##### The records #####

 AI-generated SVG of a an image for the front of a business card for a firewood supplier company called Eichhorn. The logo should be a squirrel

#####
##### The records #####

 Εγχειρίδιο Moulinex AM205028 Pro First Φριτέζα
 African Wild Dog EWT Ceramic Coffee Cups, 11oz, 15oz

#####

Copy the entries above exactly, but only from the line holding "Εγχειρίδιο Moulinex AM205028" through the line holding "African Wild Dog", both included.

 Εγχειρίδιο Moulinex AM205028 Pro First Φριτέζα
 African Wild Dog EWT Ceramic Coffee Cups, 11oz, 15oz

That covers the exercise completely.